Per capire cosa siano questi pattugliamenti congiunti di polizia, bisogna riavvolgere il nastro a più di sei anni fa. Nel 2015, il governo italiano ha firmato l'accordo sui pattugliamenti congiunti tra forze di sicurezza italiane e cinesi nelle città italiane con maggiore presenza di cittadini cinesi, in base "al memorandum d'intesa sottoscritto all'Aia il 24 settembre tra il ministero dell'Interno e il corrispondente dicastero della Pubblica sicurezza della Repubblica Popolare Cinese", si legge sul sito del ministero dell'Interno in un articolo pubblicato nel maggio del 2016 per promuovere l'iniziativa partita proprio in quel periodo.

L'articolo inoltre raccontava: "I poliziotti cinesi, prima di sbarcare in Italia, hanno seguito un training formativo a Pechino tenuto da ufficiali e funzionari italiani. I pattugliamenti congiunti inizieranno nelle città di Roma e Milano e saranno coordinati operativamente dalle questure e dai comandi provinciali dei Carabinieri. I poliziotti cinesi presteranno servizio con le proprie uniformi per essere ben riconoscibili dai propri connazionali".

Perché ci sono delle stazioni di polizia cinesi in Italia

L’accordo per i pattugliamenti congiunti tra Forze dell’ordine italiane e cinesi è stato firmato il nel 2015 (e lanciato nel 2016), nel contesto di una riunione dell’Europol all’Aia, dall’allora direttore centrale della polizia criminale, il prefetto Antonino Cufalo, e il direttore generale del Dipartimento per la cooperazione internazionale del ministero della Pubblica sicurezza cinese, Liao Jinrong.

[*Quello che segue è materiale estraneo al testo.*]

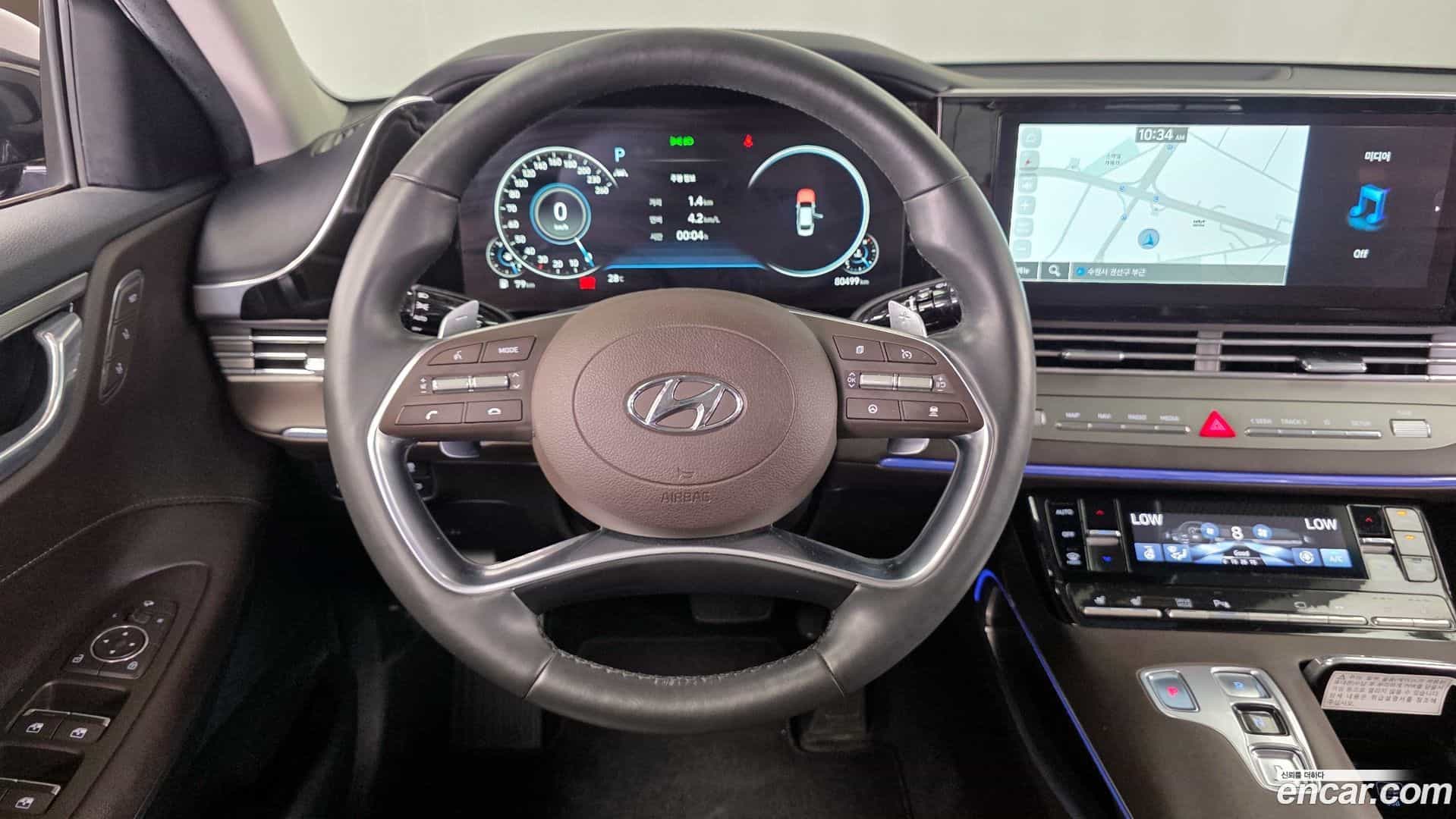 Grandeur Hyundai 2020.3-OPTION-017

L'intesa ha permesso per quattro anni consecutivi di vedere sfilare poliziotti italiani in compagnia dei loro colleghi cinesi a Roma, Milano, Torino e Venezia, ma solo in aree "di interesse turistico per i turisti cinesi". Solo dal 2018, i pattugliamenti hanno coperto le strade di città come Prato, oppure Padova, quindi fuori dai circuiti turistici tradizionali cinesi, ma in aree con altissima densità di immigrazione cinese.

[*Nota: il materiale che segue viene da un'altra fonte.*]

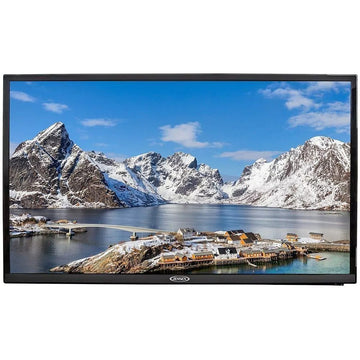 JENSEN 32" 12V Smart TV [JTV3225DCS]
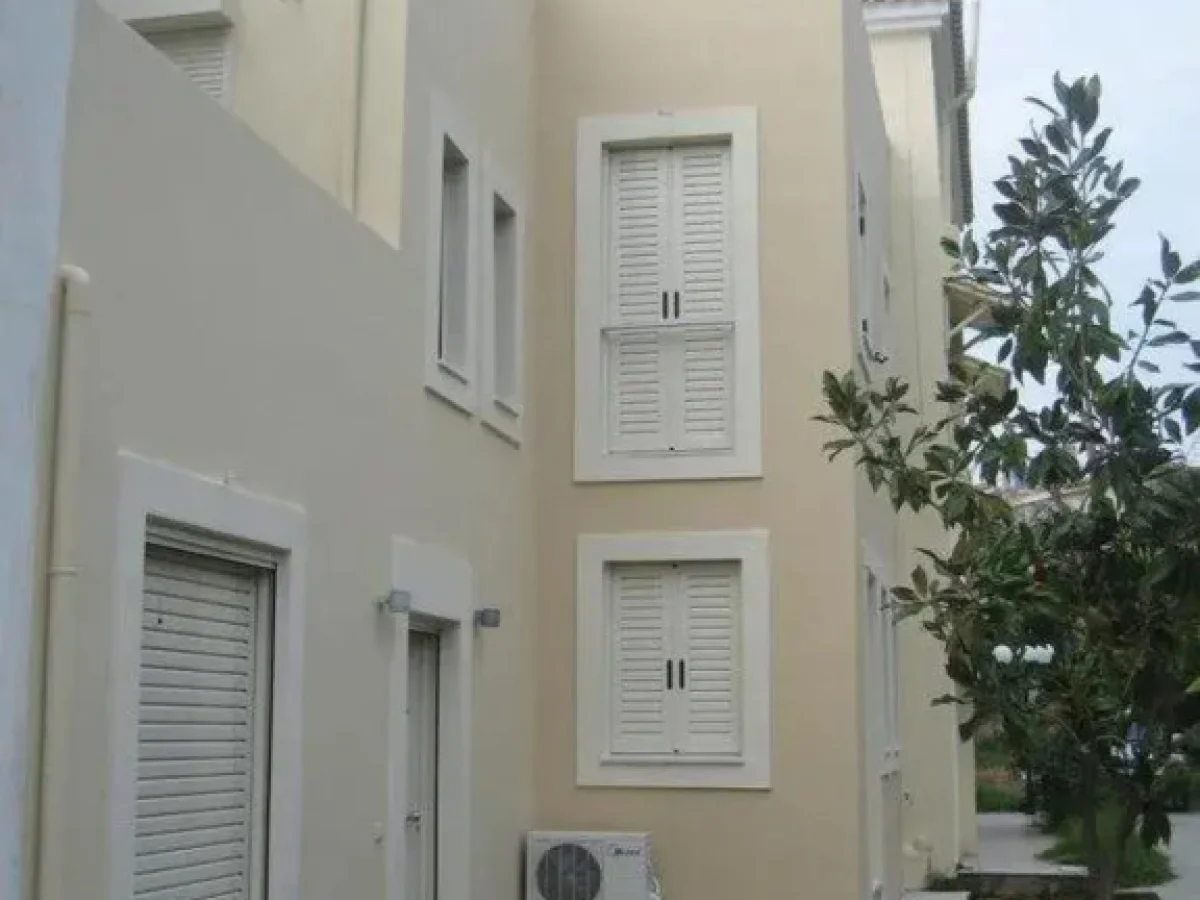Avia Holiday Homes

Qual è la correlazione tra "stazioni" e pattugliamenti di polizia 

Da qui l'allarme fatto scattare dalla Safeguard Defenders. La prima stazione di polizia cinese non ufficiale in Italia è stata infatti istituita a Milano a seguito di un accordo del 2015 preso con il ministero della Pubblica Sicurezza cinese sui pattugliamenti congiunti, che avrebbe contribuito direttamente allo stabilimento di stazioni "pilota" nel capoluogo lombardo nel 2016, da parte della polizia di Wenzhou. Nel 2018, poco dopo il rafforzamento dell'accordo sul pattugliamento congiunto italo-cinese tra le strade milanesi (così come in quelle romane), anche la pubblica sicurezza di Qingtian ha istituito un ufficio "pilota" a Milano.

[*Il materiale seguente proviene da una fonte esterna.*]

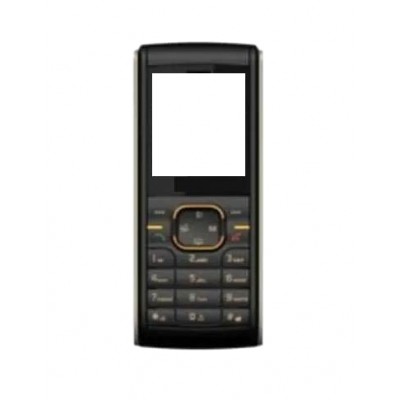 Full Body Housing For Haier C2060 Red - Maxbhi Com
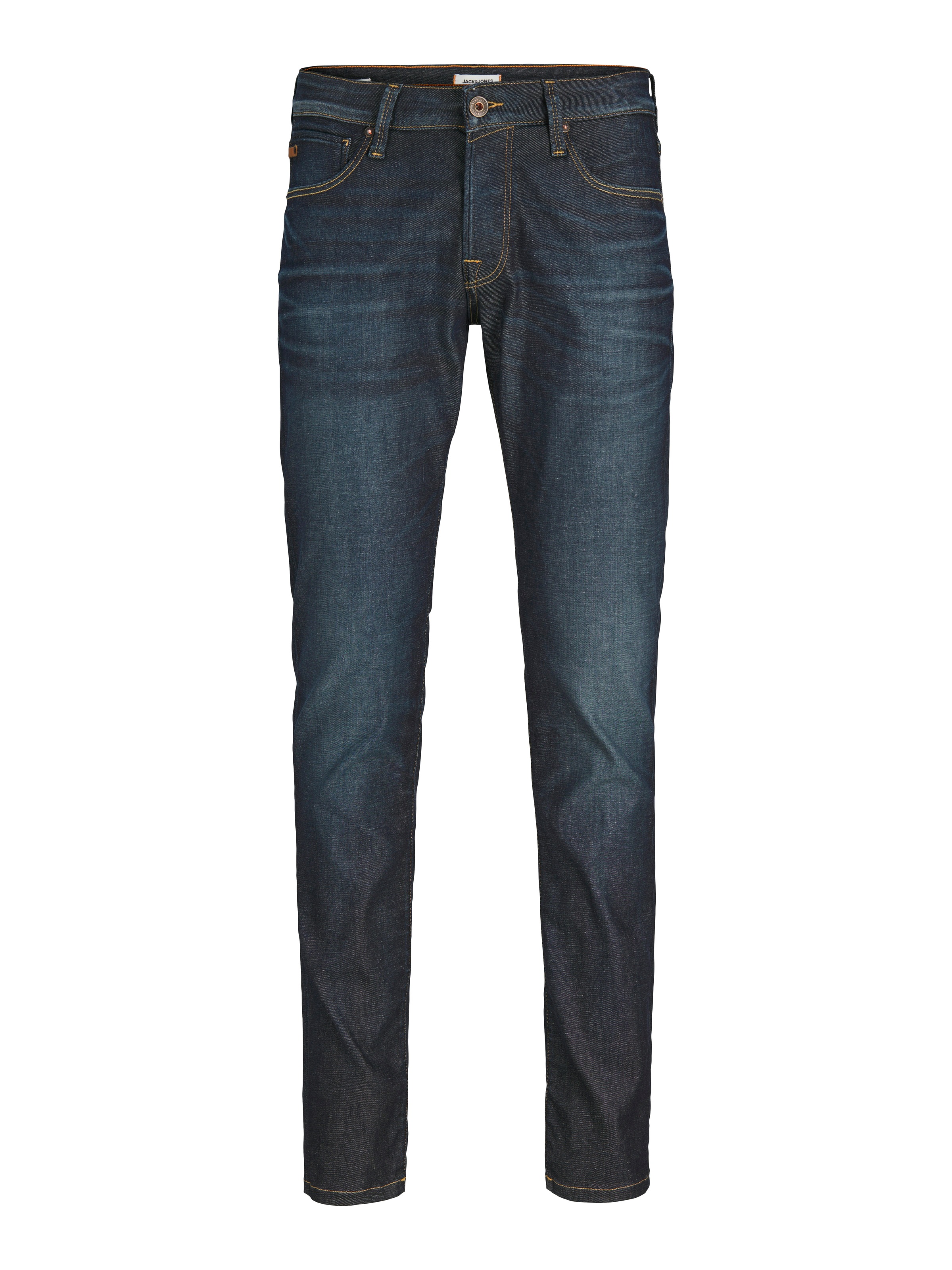 Jack & Jones Slim-fit-Jeans »JJIGLENN JJICON JJ 619 50SPS NOOS«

In Italia ci sono 11 stazioni di polizia cinese non autorizzate

Insomma, il capoluogo lombardo ha fatto da apripista alle operazioni di "stazioni" di polizia in Italia: queste stazioni rappresentano una minaccia per la sicurezza e la sovranità territoriale dei paesi in cui sono presenti, oltre a rappresentare uno strumento per perseguire la caccia del governo cinese ai dissidenti.